Critique1. April 2024

Critique de «Drive-Away Dolls», psyché, queer et débridé

Critique de «Drive-Away Dolls», psyché, queer et débridé
© 2024 Universal Pictures International Switzerland

Politique, sororité, sextoys et santiags, bienvenue dans «Drive-Away Dolls», le roadmovie lesbien du légendaire Ethan Coen en duo avec Tricia Cooke. «Drive-Away Dolls» pourrait bien vous faire perdre la tête.

Comédienne de stand-up sans le sous, et après une rupture avec sa compagne, Jamie (Margaret Qualley) décide de prendre le large avec Marian (Geraldine Viswanathan), qui aimerait bien pouvoir se reposer. Départ de Philadelphie, direction Tallahassee en Floride. Elles louent une voiture et les deux amies se retrouvent, sans le savoir, à transporter un colis qui était destiné à des malfrats. Bientôt, l’affaire s’emballe et grimpe jusque dans les hautes sphères de la politique. Il semble que le sénateur Gary Channel (Matt Damon) ait deux ou trois «choses» à cacher.

Au début des années 2000, Ethan Coen et Tricia Cooke (célèbre monteuse de cinéma et partenaire à la ville) avaient composé les prémisses d’un road-movie comique et lesbien intitulé «Drive-Away Dykes». Un scénario soumis initialement à leur ami.e et réalisatrice Allison Anders qui avait voyagé dans les festivals avec un projet similaire : «Gas Food Lodging» en 1992. Or le projet ne s’est tout simplement pas fait. Selon les déclarations de Coen et Cooke au Guardian, l’incipit «déconcertait les gens» avant d’ajouter que «l'irrévérence n'était tout simplement pas au goût du jour à cette époque.». Alors les années passeront, et de cette époque, les cinéphiles averti.e.s retiendront «O Brother» ou encore «The Man Who Wasn't There».

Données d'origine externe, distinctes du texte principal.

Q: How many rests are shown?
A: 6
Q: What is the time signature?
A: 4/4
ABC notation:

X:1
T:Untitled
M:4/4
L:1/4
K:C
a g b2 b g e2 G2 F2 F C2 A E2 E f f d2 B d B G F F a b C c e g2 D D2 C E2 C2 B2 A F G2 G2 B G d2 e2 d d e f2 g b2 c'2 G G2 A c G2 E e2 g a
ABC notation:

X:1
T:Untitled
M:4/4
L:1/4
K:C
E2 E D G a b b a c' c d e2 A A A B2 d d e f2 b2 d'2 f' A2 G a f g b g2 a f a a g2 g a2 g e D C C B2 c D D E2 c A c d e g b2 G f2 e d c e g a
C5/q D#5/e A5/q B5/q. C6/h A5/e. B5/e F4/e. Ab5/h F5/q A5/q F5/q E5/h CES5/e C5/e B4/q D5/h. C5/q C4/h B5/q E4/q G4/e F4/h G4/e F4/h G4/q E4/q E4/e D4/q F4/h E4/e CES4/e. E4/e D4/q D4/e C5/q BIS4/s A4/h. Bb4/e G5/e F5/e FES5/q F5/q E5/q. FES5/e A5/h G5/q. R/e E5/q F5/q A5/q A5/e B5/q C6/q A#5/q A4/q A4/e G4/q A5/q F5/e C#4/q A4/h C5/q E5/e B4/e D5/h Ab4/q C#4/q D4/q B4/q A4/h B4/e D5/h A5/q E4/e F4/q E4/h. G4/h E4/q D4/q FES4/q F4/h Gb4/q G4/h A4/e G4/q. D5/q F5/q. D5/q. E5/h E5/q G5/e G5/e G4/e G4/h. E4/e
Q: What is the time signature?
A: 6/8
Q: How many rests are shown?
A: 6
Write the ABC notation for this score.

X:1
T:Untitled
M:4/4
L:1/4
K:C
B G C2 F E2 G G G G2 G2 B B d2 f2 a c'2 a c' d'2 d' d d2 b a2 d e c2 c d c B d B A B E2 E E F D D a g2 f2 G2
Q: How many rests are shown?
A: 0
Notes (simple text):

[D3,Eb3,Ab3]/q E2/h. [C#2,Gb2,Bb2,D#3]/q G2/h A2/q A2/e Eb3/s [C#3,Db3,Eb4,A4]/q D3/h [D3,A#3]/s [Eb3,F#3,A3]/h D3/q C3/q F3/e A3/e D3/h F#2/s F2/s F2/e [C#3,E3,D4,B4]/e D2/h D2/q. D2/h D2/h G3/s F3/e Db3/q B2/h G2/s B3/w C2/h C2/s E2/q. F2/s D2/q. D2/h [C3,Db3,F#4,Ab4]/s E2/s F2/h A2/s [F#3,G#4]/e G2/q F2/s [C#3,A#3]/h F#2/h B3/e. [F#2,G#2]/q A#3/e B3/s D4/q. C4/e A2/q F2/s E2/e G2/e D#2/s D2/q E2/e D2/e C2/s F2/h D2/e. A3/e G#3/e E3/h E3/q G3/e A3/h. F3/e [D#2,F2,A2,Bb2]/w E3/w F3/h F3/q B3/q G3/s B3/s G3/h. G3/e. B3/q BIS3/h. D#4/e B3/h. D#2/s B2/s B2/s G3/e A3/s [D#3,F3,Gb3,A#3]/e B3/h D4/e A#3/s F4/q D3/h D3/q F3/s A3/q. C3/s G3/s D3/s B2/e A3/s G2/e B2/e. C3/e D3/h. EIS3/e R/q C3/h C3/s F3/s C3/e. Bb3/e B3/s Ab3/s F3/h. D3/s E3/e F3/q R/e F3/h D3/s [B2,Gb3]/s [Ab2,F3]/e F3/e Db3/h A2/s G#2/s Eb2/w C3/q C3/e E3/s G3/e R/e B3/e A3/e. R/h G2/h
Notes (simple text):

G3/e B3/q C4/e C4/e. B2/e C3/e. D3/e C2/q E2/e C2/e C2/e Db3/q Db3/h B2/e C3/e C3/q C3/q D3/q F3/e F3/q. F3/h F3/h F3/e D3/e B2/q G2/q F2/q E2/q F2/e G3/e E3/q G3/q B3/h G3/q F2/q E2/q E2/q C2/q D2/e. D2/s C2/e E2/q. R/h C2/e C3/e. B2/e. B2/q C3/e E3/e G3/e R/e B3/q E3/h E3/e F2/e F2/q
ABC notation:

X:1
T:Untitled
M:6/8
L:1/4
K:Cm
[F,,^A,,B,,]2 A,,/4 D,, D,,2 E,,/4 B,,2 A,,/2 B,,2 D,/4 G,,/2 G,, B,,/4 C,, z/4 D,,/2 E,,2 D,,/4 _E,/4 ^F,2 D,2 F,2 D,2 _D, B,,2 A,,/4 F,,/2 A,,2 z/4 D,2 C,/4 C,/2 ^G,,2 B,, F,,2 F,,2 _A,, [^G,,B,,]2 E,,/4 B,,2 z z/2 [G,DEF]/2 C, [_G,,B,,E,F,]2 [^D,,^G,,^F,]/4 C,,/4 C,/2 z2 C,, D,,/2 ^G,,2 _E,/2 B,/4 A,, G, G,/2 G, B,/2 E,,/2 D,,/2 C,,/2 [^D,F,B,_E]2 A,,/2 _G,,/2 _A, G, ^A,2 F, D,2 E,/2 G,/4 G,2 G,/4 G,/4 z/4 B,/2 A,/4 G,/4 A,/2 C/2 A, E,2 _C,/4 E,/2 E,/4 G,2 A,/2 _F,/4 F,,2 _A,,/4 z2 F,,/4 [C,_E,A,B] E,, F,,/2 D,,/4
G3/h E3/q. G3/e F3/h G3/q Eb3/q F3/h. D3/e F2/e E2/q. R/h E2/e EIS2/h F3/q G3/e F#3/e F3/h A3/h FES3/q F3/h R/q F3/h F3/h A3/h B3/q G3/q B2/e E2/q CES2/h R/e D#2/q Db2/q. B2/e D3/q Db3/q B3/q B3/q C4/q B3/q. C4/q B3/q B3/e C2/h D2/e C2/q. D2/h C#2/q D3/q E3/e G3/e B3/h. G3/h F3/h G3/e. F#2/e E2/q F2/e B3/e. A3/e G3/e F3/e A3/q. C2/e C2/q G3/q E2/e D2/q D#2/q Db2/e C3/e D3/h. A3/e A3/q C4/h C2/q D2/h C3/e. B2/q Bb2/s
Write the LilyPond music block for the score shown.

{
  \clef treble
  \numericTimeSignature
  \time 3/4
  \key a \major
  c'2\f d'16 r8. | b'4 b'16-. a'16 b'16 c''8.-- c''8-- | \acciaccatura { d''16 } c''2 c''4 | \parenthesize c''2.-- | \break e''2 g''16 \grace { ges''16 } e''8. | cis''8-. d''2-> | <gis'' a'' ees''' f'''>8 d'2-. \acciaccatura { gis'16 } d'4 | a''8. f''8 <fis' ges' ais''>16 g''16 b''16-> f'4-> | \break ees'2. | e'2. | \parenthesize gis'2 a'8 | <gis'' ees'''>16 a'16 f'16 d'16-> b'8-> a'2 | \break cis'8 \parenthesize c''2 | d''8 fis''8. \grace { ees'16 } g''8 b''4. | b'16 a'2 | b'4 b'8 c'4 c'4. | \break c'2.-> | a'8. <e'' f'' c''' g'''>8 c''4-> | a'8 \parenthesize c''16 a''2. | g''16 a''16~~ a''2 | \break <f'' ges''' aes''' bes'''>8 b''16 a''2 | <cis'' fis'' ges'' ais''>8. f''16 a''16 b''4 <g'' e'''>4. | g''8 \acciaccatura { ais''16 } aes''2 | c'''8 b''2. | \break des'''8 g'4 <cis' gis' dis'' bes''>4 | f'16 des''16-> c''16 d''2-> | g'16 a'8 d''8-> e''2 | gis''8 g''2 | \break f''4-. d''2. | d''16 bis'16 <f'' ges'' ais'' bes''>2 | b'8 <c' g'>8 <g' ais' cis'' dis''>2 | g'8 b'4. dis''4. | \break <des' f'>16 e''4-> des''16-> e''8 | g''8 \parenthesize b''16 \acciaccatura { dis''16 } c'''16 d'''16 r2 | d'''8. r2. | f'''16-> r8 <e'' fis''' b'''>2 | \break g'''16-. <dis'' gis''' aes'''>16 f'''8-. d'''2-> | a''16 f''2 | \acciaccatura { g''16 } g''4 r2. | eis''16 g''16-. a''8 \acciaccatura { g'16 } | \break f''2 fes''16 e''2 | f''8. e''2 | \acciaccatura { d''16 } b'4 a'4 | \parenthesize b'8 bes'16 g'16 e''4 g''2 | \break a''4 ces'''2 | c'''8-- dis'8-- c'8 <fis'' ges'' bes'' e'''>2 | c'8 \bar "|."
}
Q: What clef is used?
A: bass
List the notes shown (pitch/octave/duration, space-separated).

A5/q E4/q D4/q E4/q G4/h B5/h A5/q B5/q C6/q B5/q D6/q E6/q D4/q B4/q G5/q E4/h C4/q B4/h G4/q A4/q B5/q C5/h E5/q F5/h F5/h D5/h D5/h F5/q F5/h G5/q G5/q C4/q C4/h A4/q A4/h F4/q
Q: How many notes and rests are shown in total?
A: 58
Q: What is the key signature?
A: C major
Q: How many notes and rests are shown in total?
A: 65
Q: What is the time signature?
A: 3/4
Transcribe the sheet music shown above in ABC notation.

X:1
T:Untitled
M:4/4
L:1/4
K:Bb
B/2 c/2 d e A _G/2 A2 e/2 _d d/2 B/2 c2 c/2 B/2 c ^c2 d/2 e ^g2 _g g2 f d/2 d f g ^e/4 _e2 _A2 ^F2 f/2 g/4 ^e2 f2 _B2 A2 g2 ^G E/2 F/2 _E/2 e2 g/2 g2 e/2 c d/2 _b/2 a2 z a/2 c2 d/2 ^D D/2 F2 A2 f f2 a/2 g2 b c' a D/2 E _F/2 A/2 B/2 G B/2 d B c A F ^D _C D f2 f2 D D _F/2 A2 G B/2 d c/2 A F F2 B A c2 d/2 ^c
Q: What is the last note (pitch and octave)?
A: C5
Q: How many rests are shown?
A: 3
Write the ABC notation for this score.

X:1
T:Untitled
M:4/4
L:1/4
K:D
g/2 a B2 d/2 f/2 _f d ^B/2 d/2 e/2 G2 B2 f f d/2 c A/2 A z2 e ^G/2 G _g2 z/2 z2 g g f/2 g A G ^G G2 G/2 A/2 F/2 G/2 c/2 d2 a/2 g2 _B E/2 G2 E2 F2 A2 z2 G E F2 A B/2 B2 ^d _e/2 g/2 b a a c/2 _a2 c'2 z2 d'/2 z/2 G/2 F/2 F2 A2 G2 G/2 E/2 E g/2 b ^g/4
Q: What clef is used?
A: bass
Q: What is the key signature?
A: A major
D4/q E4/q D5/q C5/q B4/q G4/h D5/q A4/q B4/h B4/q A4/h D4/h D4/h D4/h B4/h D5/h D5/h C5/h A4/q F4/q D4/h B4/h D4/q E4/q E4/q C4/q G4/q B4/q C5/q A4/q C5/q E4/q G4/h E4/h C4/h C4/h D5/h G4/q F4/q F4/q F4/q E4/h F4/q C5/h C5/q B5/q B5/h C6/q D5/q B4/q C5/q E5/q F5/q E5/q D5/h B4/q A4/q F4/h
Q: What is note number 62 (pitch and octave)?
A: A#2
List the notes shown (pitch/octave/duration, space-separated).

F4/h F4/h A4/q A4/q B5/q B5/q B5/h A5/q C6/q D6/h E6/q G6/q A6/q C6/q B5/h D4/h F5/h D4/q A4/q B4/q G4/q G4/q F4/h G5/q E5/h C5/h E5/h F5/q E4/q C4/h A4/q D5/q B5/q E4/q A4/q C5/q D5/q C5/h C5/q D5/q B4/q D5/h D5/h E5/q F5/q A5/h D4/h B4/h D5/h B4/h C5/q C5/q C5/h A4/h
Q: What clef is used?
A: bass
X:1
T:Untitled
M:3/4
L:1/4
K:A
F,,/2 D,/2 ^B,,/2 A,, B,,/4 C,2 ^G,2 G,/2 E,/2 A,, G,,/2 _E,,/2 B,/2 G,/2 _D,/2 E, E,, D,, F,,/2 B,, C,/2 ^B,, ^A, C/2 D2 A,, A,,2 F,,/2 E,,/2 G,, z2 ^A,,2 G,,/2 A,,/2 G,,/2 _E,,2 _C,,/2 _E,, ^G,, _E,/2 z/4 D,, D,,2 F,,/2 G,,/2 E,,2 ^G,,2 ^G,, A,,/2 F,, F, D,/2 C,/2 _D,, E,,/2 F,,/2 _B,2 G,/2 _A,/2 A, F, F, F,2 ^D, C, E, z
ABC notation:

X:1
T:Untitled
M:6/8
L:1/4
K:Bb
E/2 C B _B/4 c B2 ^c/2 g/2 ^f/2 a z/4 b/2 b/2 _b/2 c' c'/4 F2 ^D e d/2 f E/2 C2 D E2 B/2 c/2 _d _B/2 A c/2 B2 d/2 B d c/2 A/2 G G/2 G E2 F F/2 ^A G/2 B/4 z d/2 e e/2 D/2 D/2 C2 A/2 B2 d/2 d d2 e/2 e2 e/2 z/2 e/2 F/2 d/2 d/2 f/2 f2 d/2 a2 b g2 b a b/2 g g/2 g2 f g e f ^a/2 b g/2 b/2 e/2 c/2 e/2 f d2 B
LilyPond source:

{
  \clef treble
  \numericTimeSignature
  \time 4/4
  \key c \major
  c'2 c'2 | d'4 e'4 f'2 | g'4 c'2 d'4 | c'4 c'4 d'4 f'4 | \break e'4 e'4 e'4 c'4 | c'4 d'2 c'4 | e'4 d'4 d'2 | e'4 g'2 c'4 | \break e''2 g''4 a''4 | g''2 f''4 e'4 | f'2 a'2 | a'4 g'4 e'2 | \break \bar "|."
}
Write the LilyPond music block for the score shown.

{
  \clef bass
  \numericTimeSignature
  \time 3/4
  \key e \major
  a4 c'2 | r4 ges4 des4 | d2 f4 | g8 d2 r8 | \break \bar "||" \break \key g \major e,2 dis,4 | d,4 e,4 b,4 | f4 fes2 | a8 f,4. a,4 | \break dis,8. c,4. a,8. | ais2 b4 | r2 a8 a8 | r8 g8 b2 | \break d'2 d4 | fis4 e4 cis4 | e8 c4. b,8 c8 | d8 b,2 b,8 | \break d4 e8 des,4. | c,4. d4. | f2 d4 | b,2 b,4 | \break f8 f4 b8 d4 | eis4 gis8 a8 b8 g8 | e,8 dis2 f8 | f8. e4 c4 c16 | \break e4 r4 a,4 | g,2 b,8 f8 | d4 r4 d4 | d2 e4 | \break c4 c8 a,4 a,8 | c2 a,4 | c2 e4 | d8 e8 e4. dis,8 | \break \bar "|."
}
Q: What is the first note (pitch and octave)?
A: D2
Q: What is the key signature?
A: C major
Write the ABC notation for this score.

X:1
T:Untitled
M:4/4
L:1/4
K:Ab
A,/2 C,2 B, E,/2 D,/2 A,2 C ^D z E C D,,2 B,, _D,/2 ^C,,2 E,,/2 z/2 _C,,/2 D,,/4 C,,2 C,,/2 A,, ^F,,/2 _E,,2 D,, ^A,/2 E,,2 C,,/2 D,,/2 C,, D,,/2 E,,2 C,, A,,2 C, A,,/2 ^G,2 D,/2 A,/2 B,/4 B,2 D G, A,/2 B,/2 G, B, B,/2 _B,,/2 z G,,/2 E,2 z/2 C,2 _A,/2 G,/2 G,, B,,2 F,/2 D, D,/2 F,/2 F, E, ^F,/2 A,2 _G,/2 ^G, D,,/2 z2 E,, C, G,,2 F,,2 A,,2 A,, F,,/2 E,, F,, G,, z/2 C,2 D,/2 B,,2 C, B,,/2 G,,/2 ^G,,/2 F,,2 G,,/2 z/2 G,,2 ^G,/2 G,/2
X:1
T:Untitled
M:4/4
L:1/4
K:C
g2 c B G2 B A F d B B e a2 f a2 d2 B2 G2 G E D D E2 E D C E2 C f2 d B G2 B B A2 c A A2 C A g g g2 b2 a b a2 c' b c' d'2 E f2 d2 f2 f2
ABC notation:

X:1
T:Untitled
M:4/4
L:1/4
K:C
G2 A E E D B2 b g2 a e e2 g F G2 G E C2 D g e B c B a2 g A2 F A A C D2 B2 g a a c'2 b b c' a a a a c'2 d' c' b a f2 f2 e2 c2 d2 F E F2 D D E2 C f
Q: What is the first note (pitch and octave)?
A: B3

Colman Domingo, C.J. Wilson et Joey Slotnick © 2024 Universal Pictures International Switzerland

Aujourd’hui, les «Dykes» sont devenus des «Dolls» (changement imposé par société de production) et le scénario débarque avec une divine impertinence. Inspiré des œuvres sulfureuses de John Waters («Pink Flamingos» (1972)) et Russ Meyer («Faster, Pussycat! Kill! Kill!», 1965), «Drive-Away Dolls» rouvre en effet un pan oublié de la sous-culture hollywoodienne, celui du B-Movie et du cinéma de sexploitation. En découle un long métrage gentiment explicite, une vivacité visuelle à vous faire sauter la rétine, et un message lesbien martelé toute voile dehors qui, au passage, déstigmatise la libido queer et féminine à l’écran.

Sans doute manquera-t-il à l’ensemble une dorsale plus solide. «Drive-Away Dolls» pourra en effet laisser la curieuse impression de n’avoir jamais démarré, et la petite heure et ses vingt minutes fuse comme l’éclair. Or les prestations de Geraldine Viswanathan et Margaret Qualley (malgré l’accent texan répétitif et un brin caricatural), nous le rappellent : la pertinence du film est ailleurs. Dans son hommage boulimique aux sixties (Miley Cyrus dans le rôle de Cynthia Plaster Caster, notamment), la reprise de contrôle des deux personnages dans le sud républicain des États-Unis et une forme d’ironie et de plénitude affranchie, «Drive-Away Dolls» défroisse un genre qui s’était assagi. Un film gorgé de cinéma, de lumière, de littérature et de désinvolture, bref who let the «Dolls» out ?

Plus d'informations sur «Drive-Away Dolls»

3,5/5 ★

Bande-annonce de «Drive-Away Dolls»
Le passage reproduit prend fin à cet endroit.